* TASK PROMPT *
Two lines in the listing below mark the span: one contains "Bundesautobahn 92 number.svg" and one contains "Mapa de West 10th Place". Reproduce both of them and everything between, exactly.

* SOURCE INFORMATION *

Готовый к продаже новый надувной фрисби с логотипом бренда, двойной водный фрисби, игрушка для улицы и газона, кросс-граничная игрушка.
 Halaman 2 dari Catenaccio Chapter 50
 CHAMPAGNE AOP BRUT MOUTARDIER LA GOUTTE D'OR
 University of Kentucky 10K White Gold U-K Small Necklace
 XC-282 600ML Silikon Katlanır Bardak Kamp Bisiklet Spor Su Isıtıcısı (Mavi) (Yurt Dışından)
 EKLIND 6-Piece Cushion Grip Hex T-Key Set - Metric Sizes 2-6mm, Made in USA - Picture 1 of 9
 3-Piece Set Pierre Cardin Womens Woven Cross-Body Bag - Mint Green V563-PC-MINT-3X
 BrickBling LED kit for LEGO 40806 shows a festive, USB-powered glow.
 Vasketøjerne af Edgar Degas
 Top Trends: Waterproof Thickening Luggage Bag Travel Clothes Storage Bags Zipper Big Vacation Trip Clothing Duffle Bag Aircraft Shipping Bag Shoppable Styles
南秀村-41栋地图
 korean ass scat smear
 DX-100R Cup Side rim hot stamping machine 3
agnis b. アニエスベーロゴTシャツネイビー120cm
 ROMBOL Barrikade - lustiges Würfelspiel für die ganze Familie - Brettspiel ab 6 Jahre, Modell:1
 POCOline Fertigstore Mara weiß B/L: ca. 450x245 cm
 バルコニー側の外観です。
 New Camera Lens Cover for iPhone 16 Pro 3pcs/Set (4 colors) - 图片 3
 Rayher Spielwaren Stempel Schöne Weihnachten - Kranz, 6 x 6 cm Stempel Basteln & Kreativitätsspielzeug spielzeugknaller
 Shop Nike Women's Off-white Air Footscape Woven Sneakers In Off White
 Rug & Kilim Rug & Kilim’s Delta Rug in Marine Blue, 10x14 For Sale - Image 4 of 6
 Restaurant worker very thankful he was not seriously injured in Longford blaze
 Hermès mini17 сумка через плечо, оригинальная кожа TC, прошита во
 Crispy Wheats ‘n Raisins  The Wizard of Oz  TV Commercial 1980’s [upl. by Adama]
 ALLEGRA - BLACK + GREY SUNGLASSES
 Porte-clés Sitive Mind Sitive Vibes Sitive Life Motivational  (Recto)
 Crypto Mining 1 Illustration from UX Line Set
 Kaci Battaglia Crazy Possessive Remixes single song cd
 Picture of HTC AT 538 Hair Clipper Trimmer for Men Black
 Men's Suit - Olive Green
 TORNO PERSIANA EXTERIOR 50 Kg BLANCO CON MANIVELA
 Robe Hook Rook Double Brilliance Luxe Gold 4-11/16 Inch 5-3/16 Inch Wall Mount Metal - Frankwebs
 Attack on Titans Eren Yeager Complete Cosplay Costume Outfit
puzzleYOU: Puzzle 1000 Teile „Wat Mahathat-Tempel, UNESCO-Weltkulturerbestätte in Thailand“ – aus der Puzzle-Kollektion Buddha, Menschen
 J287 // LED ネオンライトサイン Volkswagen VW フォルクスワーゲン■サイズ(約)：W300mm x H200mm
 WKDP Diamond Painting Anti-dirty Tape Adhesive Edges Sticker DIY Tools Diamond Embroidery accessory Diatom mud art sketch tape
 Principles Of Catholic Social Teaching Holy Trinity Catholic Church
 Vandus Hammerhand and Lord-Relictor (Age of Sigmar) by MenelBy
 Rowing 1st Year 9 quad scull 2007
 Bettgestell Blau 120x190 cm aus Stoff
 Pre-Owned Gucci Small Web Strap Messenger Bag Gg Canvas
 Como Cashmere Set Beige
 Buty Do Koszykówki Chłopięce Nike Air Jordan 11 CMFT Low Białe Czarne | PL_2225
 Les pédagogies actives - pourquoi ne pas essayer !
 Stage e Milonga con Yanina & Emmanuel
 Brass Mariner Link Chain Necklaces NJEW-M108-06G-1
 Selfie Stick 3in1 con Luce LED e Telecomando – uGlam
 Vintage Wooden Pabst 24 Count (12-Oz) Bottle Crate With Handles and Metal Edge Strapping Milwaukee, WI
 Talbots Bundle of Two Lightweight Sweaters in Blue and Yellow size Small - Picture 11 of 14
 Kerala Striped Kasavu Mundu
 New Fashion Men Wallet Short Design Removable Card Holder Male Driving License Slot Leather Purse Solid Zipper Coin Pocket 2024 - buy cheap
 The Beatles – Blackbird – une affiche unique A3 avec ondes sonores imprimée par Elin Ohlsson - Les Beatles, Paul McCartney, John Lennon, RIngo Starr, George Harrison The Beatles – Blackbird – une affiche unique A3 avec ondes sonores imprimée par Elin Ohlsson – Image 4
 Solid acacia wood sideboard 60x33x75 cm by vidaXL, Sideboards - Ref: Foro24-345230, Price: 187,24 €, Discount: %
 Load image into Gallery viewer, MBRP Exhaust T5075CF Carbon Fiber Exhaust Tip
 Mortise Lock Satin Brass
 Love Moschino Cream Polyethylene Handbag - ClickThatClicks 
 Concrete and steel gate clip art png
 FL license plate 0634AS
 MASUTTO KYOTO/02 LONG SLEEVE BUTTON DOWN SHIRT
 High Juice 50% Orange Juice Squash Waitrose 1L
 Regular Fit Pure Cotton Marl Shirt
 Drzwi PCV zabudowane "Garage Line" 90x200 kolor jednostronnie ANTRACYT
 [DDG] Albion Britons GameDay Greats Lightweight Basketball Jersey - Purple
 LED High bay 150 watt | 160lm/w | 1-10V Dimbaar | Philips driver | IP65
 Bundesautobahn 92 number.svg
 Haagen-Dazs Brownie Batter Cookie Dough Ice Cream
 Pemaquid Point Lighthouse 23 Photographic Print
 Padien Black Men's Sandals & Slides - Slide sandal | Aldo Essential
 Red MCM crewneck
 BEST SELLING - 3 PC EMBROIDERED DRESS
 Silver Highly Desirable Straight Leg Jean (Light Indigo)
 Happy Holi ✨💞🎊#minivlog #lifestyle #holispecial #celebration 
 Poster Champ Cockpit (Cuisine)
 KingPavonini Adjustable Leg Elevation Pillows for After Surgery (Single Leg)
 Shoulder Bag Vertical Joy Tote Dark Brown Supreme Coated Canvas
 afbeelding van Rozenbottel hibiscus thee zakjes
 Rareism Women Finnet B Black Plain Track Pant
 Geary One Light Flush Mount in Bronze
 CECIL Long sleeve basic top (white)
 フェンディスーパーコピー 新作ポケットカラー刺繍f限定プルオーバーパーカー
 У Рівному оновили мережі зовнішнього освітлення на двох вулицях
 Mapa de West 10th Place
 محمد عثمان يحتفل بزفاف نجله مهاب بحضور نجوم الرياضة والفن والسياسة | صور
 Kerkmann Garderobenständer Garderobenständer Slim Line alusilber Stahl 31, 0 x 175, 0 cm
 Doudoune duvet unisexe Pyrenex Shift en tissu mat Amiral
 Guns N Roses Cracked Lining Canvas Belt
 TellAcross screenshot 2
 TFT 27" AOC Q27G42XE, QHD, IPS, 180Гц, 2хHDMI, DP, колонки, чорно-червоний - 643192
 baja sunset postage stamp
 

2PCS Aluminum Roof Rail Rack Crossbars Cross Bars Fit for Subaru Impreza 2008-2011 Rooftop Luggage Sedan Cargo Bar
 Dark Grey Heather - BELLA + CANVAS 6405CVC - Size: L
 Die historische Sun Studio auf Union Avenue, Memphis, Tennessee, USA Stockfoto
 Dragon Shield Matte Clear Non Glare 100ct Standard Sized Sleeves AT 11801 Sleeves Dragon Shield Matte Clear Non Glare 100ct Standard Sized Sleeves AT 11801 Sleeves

* YOUR RESPONSE *
 Bundesautobahn 92 number.svg
 Haagen-Dazs Brownie Batter Cookie Dough Ice Cream
 Pemaquid Point Lighthouse 23 Photographic Print
 Padien Black Men's Sandals & Slides - Slide sandal | Aldo Essential
 Red MCM crewneck
 BEST SELLING - 3 PC EMBROIDERED DRESS
 Silver Highly Desirable Straight Leg Jean (Light Indigo)
 Happy Holi ✨💞🎊#minivlog #lifestyle #holispecial #celebration 
 Poster Champ Cockpit (Cuisine)
 KingPavonini Adjustable Leg Elevation Pillows for After Surgery (Single Leg)
 Shoulder Bag Vertical Joy Tote Dark Brown Supreme Coated Canvas
 afbeelding van Rozenbottel hibiscus thee zakjes
 Rareism Women Finnet B Black Plain Track Pant
 Geary One Light Flush Mount in Bronze
 CECIL Long sleeve basic top (white)
 フェンディスーパーコピー 新作ポケットカラー刺繍f限定プルオーバーパーカー
 У Рівному оновили мережі зовнішнього освітлення на двох вулицях
 Mapa de West 10th Place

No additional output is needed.